Ripps Barry A, VanGilder Kelly, Minhas Brijinder, Welford Mayla, Mamish Ziad
Division of Reproductive Endocrinology and Infertility, Department of Obstetrics and Gynecology, University of Florida College of Medicine, 5147 North Ninth Avenue, Suite 315, Pensacola, FL 32504, USA.
J Reprod Med. 2003 Oct;48(10):761-6.
To evaluate alendronate as a prophylactic measure against bone mineral density (BMD) loss in reproductive-aged women receiving gonadotropin-releasing hormone agonist (GnRHa) therapy for 6 months.

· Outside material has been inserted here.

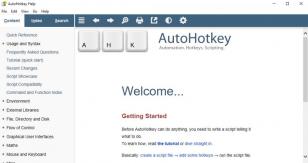 AutoHotkey main screen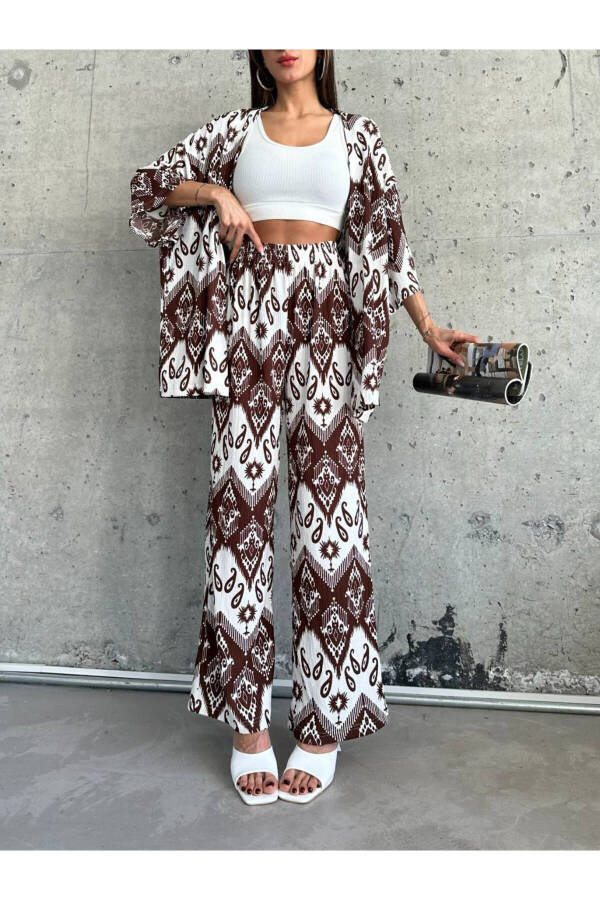 Printed Kimono Set - 6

A randomized, double-blind, placebo-controlled, pilot trial at a university-affiliated community hospital. Subjects were 11 premenopausal women with indications for GnRHa therapy who were randomized to receive alendronate, 10 mg, or placebo, by mouth daily during 6 months of GnRHa use. Both groups received intramuscular depot leuprolide acetate, 3.75 mg every 28 days for a total of 24 weeks. BMD at the lumbar spine and femur was determined by dual energy x-ray absorptiometry at baseline and at the conclusion of treatment. Lipids and urinary N-telopeptide were measured before and during treatment.

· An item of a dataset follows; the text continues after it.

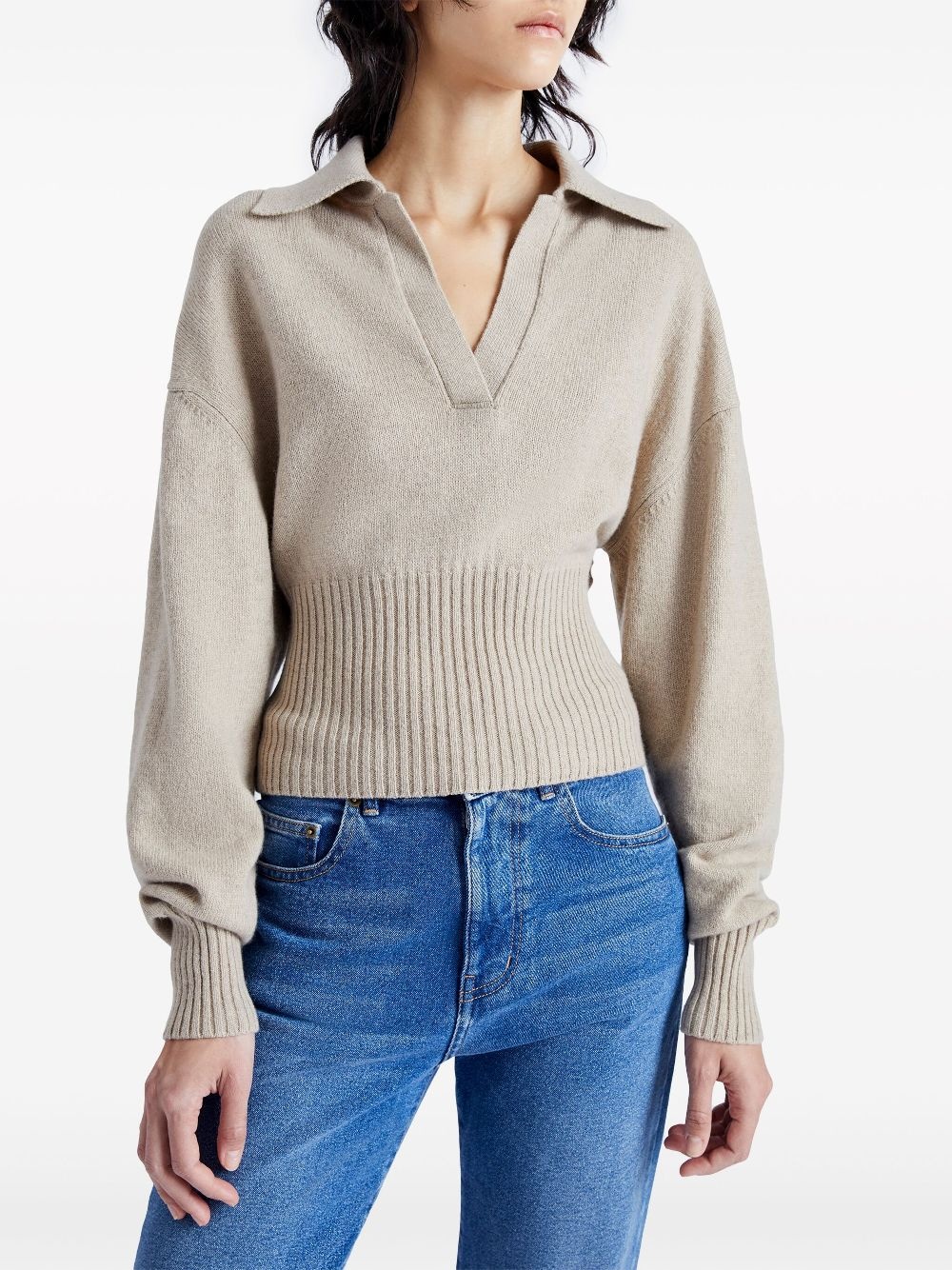 Jeanne cashmere polo jumper - 6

Alendronate-exposed subjects experienced a mean gain of 1.0% (P = .35) in lumbar BMD as compared to a significant mean loss in the control group 3.8% (P = .01). Subjects in the placebo group experienced a significant reduction in mean femur BMD of 3.4% (P = .02), while alendronate-exposed subjects had a loss of 0.4% (P = .65). Bone turnover, as evidenced by urinary N-telopeptide, increased over baseline for both groups. Neither group experienced significant changes in lipids during the study period.
Alendronate appears to offer some degree of protection against BMD loss in young women during transient, induced hypoestrogenemia. Alendronate was associated with a gain in lumbar (trabecular) BMD but less than expected from studies of postmenopausal women. With the expectation that young women gain BMD, extending the safe and effective duration of GnRHa therapy in this population may require additional measures.
评估阿仑膦酸钠作为一种预防措施,用于接受促性腺激素释放激素激动剂(GnRHa)治疗6个月的育龄期女性骨矿物质密度(BMD)损失的情况。
在一家大学附属社区医院进行的一项随机、双盲、安慰剂对照的试点试验。研究对象为11名有GnRHa治疗指征的绝经前女性,她们在使用GnRHa的6个月期间被随机分配,每天口服10 mg阿仑膦酸钠或安慰剂。两组均接受每28天一次的3.75 mg醋酸亮丙瑞林缓释微球肌肉注射,共24周。在基线和治疗结束时,通过双能X线吸收法测定腰椎和股骨的骨密度。在治疗前和治疗期间测量血脂和尿N-端肽。
与对照组平均显著降低3.8%(P = .01)相比,接受阿仑膦酸钠治疗的受试者腰椎骨密度平均增加了1.0%(P = .35)。安慰剂组受试者股骨平均骨密度显著降低3.4%(P = .02),而接受阿仑膦酸钠治疗的受试者骨密度降低了0.4%(P = .65)。尿N-端肽表明,两组的骨转换均高于基线水平。在研究期间,两组血脂均无显著变化。
阿仑膦酸钠似乎能在年轻女性短暂性诱导低雌激素血症期间,为骨密度损失提供一定程度的保护。阿仑膦酸钠与腰椎(小梁)骨密度增加有关,但低于绝经后女性研究的预期。鉴于期望年轻女性增加骨密度,在该人群中延长GnRHa治疗的安全有效持续时间可能需要采取额外措施。